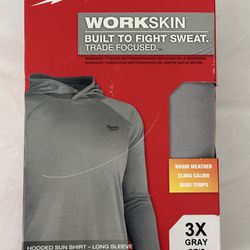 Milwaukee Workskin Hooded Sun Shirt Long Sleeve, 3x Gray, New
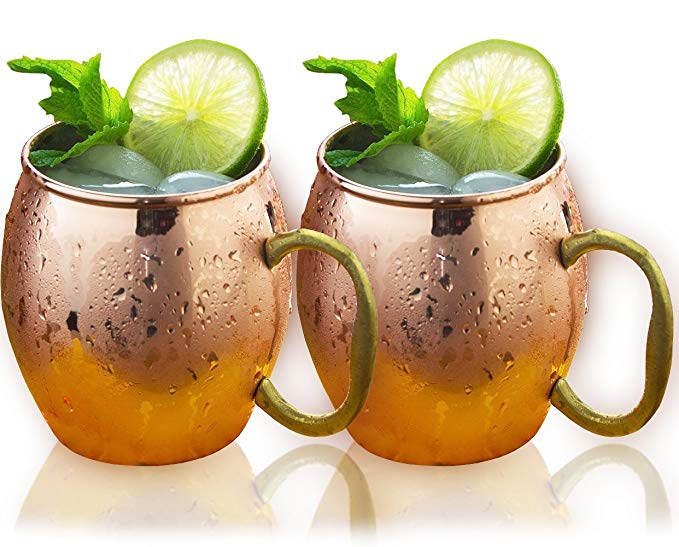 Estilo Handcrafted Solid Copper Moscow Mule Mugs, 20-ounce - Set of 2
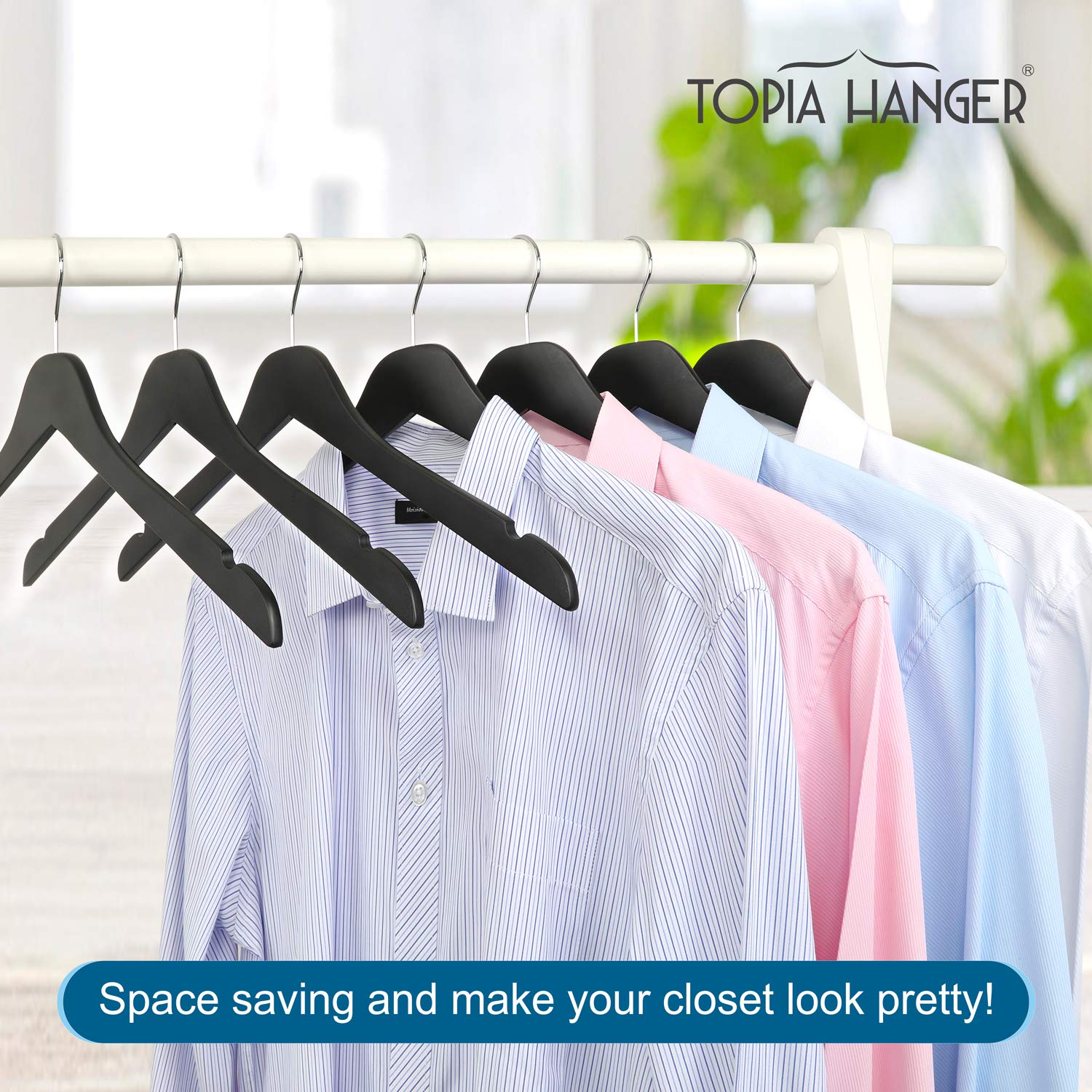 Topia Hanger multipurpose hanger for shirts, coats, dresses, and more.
* * * *
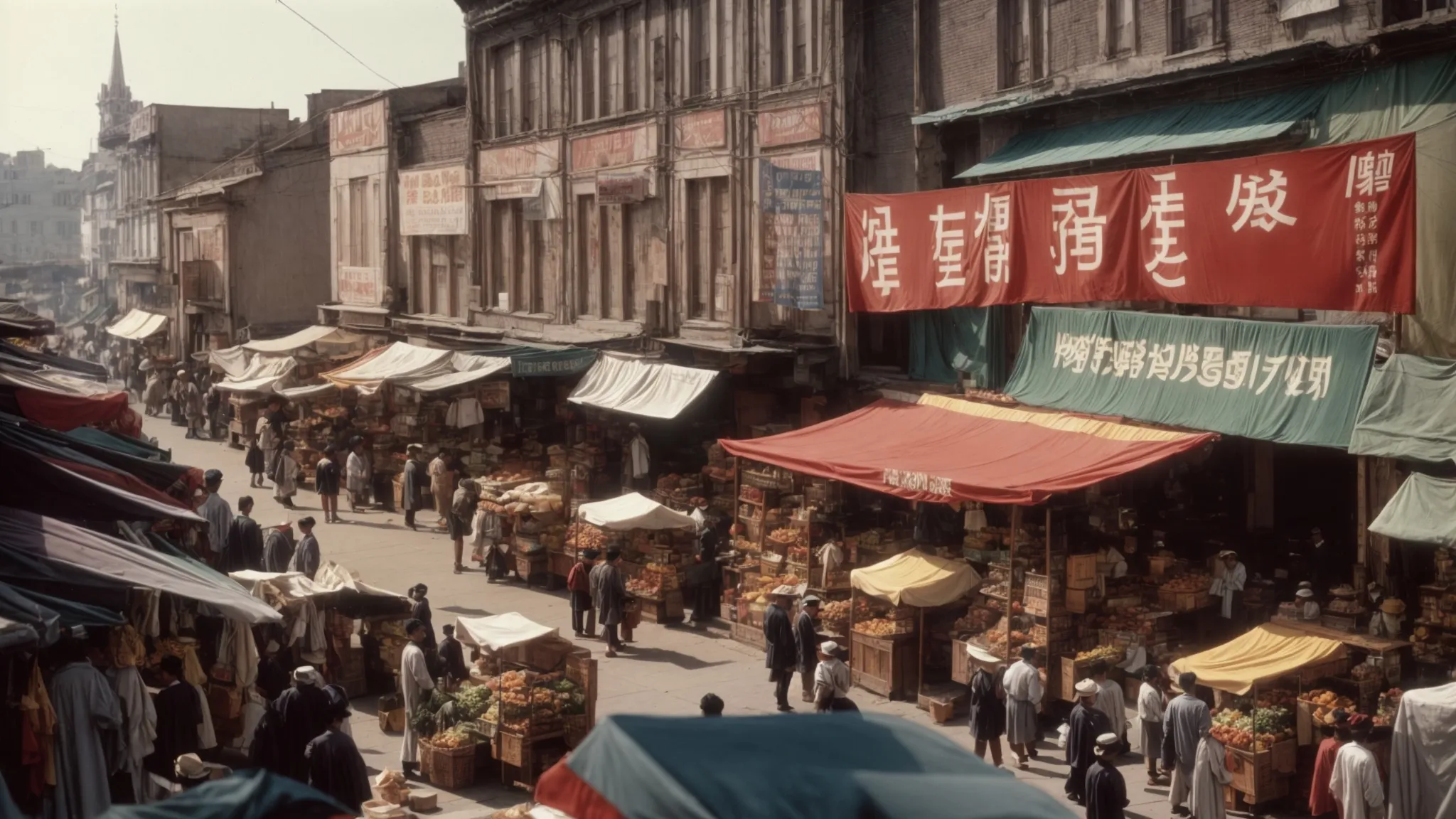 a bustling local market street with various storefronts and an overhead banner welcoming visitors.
* * * *
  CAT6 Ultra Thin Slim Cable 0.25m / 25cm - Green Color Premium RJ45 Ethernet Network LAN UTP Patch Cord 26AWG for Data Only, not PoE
* * * *
### Work instructions
Beginning with the line that contains "Estilo Handcrafted Solid", write out the lines of the material above exactly, and end with the line that contains "Topia Hanger multipurpose". Omit the pictures.

### Output of the task
 Estilo Handcrafted Solid Copper Moscow Mule Mugs, 20-ounce - Set of 2
 Topia Hanger multipurpose hanger for shirts, coats, dresses, and more.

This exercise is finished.